He aquí un recorrido por las nociones claves de uno de los intentos más radicales y audaces por romper con los modos de pensamiento heredados durante 3000 años de historia de la civilización occidental. La tarea es titánica; el diagnóstico, preciso: desde el siglo XIX, las ciencias acumulan hipótesis y teorías que indican una enorme mutación en la epistemología, la metafísica y la cosmología que tuvieron sus pilares en el pensamiento platónico y aristotélico por un lado, y en la tríada Newton, Hume, Kant por el otro. Pero la ciencia avanza a ciegas respecto de sus propias premisas filosóficas y enmarañada en la fragmentación de las especialidades.
La misión de la filosofía, aventura afín a la poesía, es construir la autoevidencia de ese nuevo modo latente de entender el universo. Ante la noción de una materia inerte que soporta cualidades, la del espacio geométrico vacío y la mecánica newtoniana, instalar como modelo metafísico la actividad vital y, con ella, la importancia, la perspectiva y el valor como nociones fundacionales. Frente a las formas atemporales y estáticas, y la representación de un tiempo abstracto desprovisto de duración, la noción de un proceso creativo permanente que contiene el pasado y el futuro. Frente a la excepcionalidad de la especie humana, la continuidad entre las sociedades de entes, inorgánicos, vegetales, animales. Para sustituir la consciencia abstracta separada del cuerpo y del mundo, que percibe meros datos sensoriales, reinsertar los grados de mentalidad como factores en el proceso de la naturaleza.

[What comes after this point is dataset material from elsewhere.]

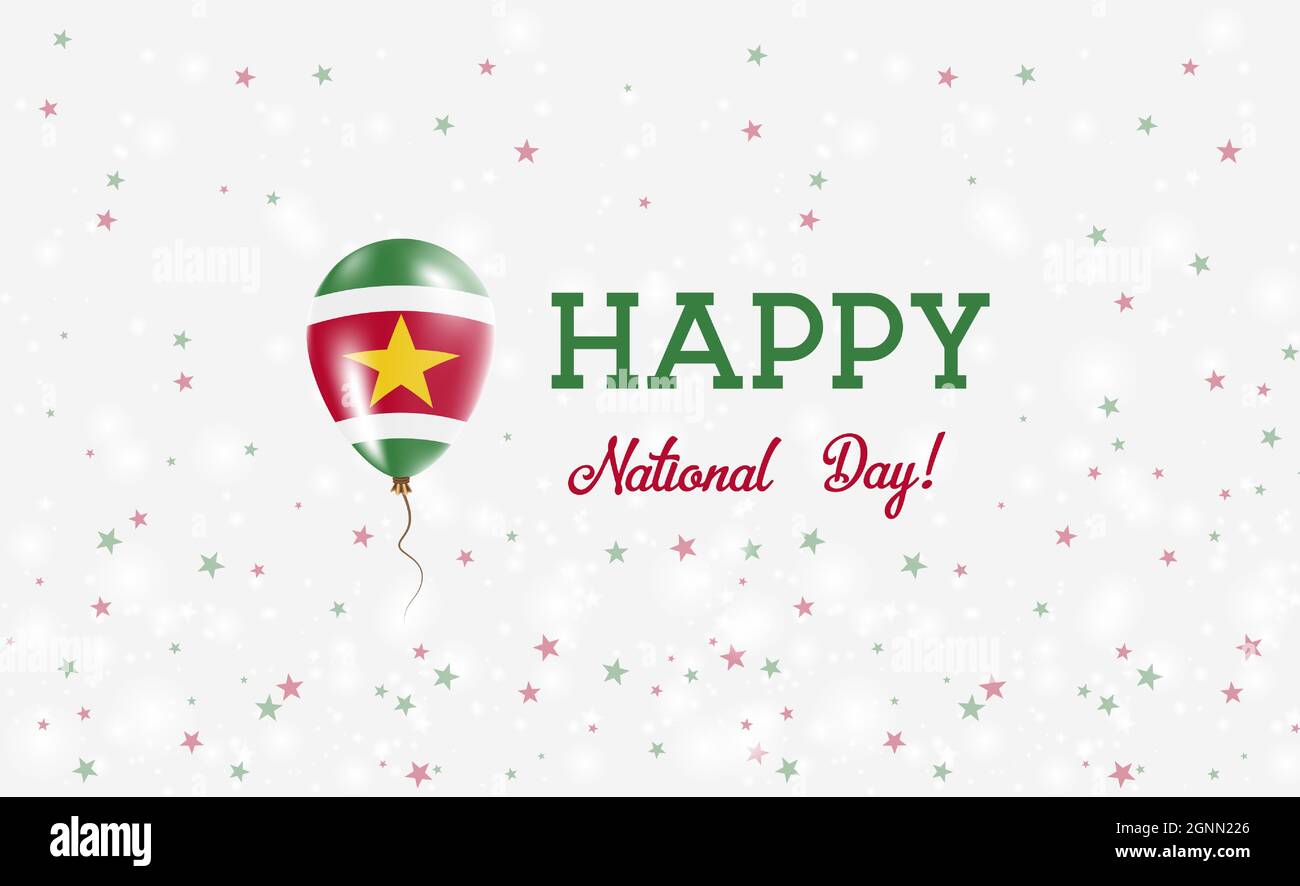 Suriname National Day patriotic poster. Flying Rubber Balloon in Colors of the Surinamer Flag. Suriname National Day background with Balloon, Confetti Stock Vector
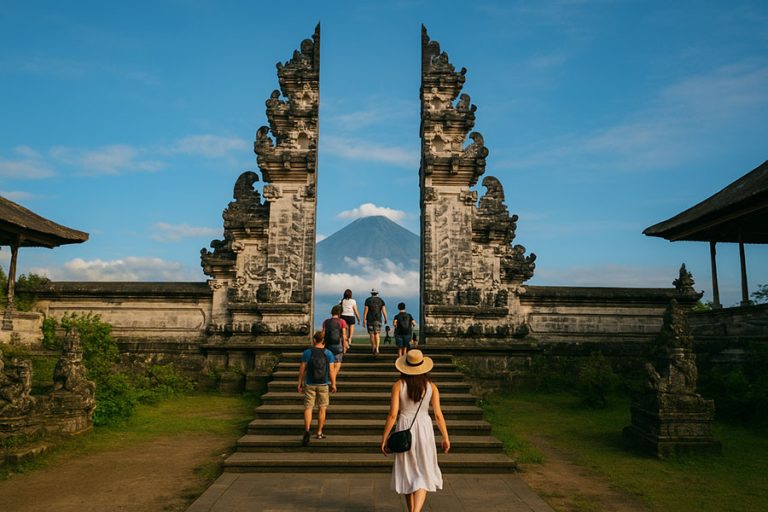 Pose at Lempuyang Temple Bali Gates of Heaven Travel Tour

La obra de Alfred Whitehead, que reconoce una enorme deuda para con Henri Bergson y William James, fue valorada por los filósofos del devenir y el acontecimiento, como Gilles Deleuze, participa de los debates actuales de la filosofía de la ciencia, vía Isabelle Stengers y Bruno Latour, e influye en los estudios ecológicos y etológicos contemporáneos.